White or dark, batter or breading, mild or spicy: Southern fried chicken is one of our favorite comfort foods. It's a staple, uncomplicated and ridiculously satisfying when done right. There's the crunch, of course, followed by the fatty richness of the skin. Inside, the meat — protected by the crackling shell — is all kinds of juicy.
Not only does fried chicken never go out of fashion, it's one of the hottest foods going, with chefs endlessly toying with recipes and techniques in hopes of building a better bird. From low-rent to high-brow — and even a gas station — these are without question some of the best places to get your fried chicken fix on.
When it comes to fried chicken, being told that there will be a wait is a very good thing. It usually means that the chicken will be fried to order. That's definitely the drill here, where even those wise enough to call ahead end up twiddling their thumbs. But the result is quite possibly the best fried chicken in the city. Diners get to choose among seven different breadings, from the subtly sweet Honey Crisp to the aggressively spiced Cajun. After what seems like forever, the owner of this 13-year-old secret hands over the goods, a breast, thigh and wing ($5) shellacked in an armor of flaky, fiercely crunchy batter. The meat, naturally, is screaming hot and dripping with juice. The menu at this wildly decorated take-out shop (there is an Island-themed mural with boats taped to the watery part) is huge, but all we can vouch for is the yardbird.
15418 Lakeshore Blvd., 216-738-7000.
Angie's Soul Café
Angie's always seems to have a nice selection of fried chicken ready and waiting for its mealtime customers. But after 25 years in business, they have mastered a technique for holding that doesn't harm the bird in any appreciable way. So, in return for lightning-quick turnaround, the diner nets a platter of still-hot, golden brown Southern-style fried chicken (two thighs, two legs, $8.25) that tastes almost as fresh as just-made. The batter is light and flaky, and lightly seasoned, allowing the clean chicken flavor to shine right through. This is chicken that benefits immeasurably from a good dousing of hot sauce, which Angie's supplies by the gallon.
It's easy to disregard this tiny carry-out shop on Lee Road, one of many earth-shatteringly good soul food joints to inhabit this very strip over the years. Many eastsiders likely lament the passing of Momma's Boy, which dispensed a steady stream of hot fried chicken, fries and sauce in plain white boxes affectionately dubbed "Fun in a Box." Mama Joyce's feels a lot like Momma's Boy, but without the white boxes and drunk white boys. The chicken is fried while you wait — even if you've had the common sense to phone ahead. Not only is the fried chicken hot, crisp and juicy, the prices are ridiculous. I walked out the door with 10 pieces of dark meat — five thighs and five drumsticks — for $8. Granted, the pieces are small, but that usually translates into tender as hell. And that's definitely the case here.

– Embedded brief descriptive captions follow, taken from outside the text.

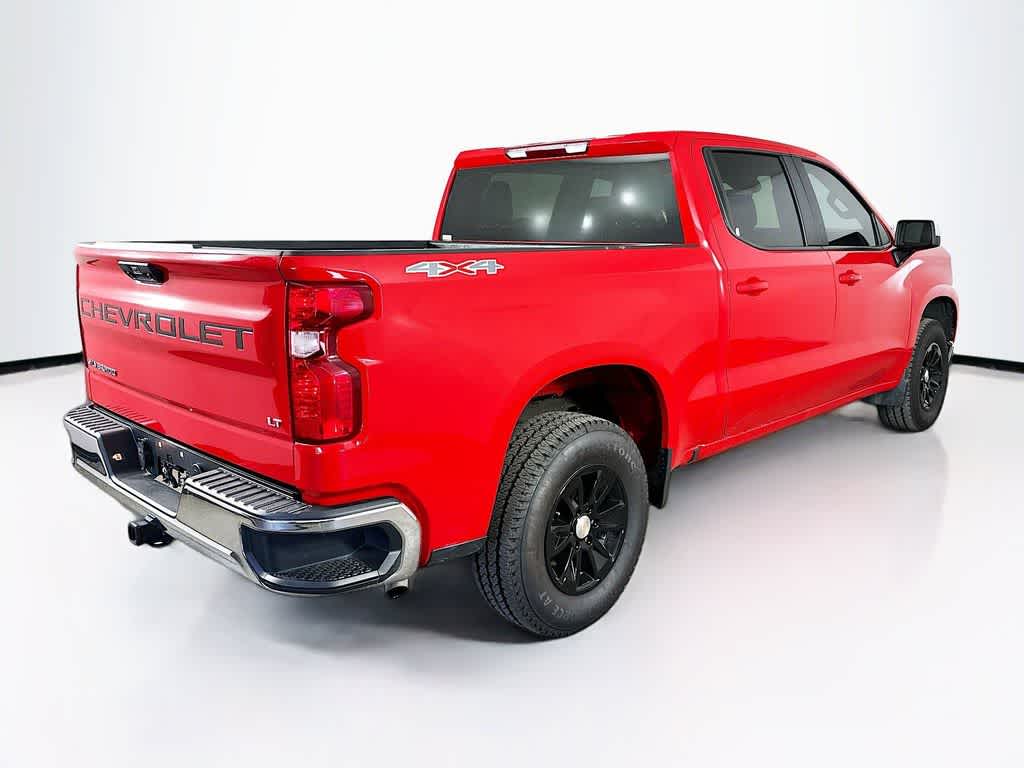 Thumbnail: 2025 Chevrolet Silverado 1500 - 25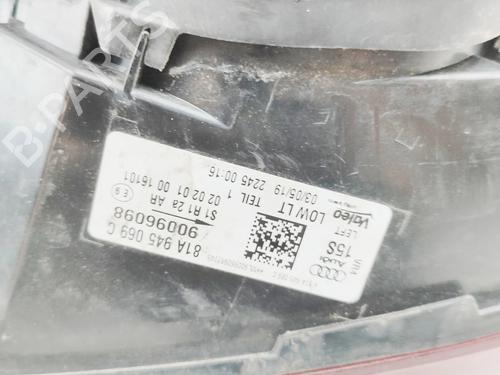 Left taillight AUDI Q2 (GAB, GAG) 1.6 TDI | BP39244738C34 - Image 7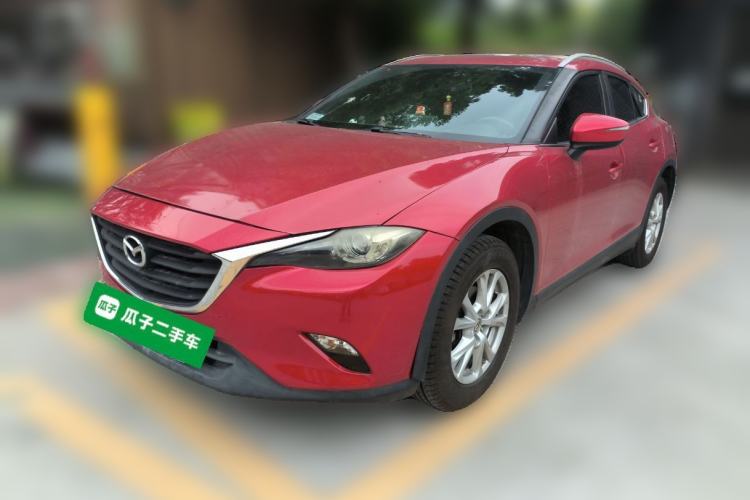 Used Mazda CX-4 2016 2.0L Automatic 2WD Blue Sky Dynamic Edition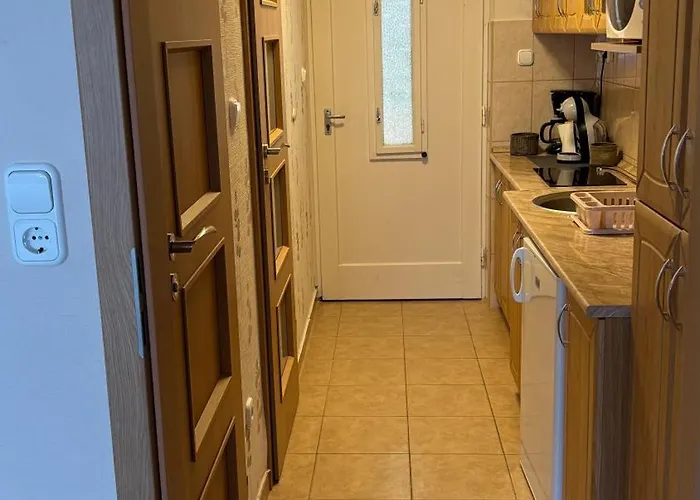 Appartamento Aranypart 49-51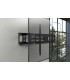SOPORTE XTECH XTA-475 GIRATORIO TV DE 32" A 70" LCD Y LED 50KG GIRO 180° BK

2238 Lee Rd., 216-371-3100.
I didn't expect to find some of the best fried chicken that I've tasted in months — and I've tasted buckets of it — at Greenhouse, but there it was. I guess it's not too surprising considering that what these chefs do with chicken wings is nothing short of alchemy, but this wasn't that. This was spicy-ass fried chicken, not unlike what you might find in Nashville, home of "hot chicken." Technically, it's called Barrel-Aged Tabasco Fried Chicken, and it comes anointed with a melting dab of butter. Once you get past the crunch — and dribble of butter — you hit the heat, a fierce and penetrating sensation that lingers long after the meat is gone. Get it by the order ($12) or bucket ($35).
2038 East Fourth St., 216-393-4302, thegreenhousetavern.com.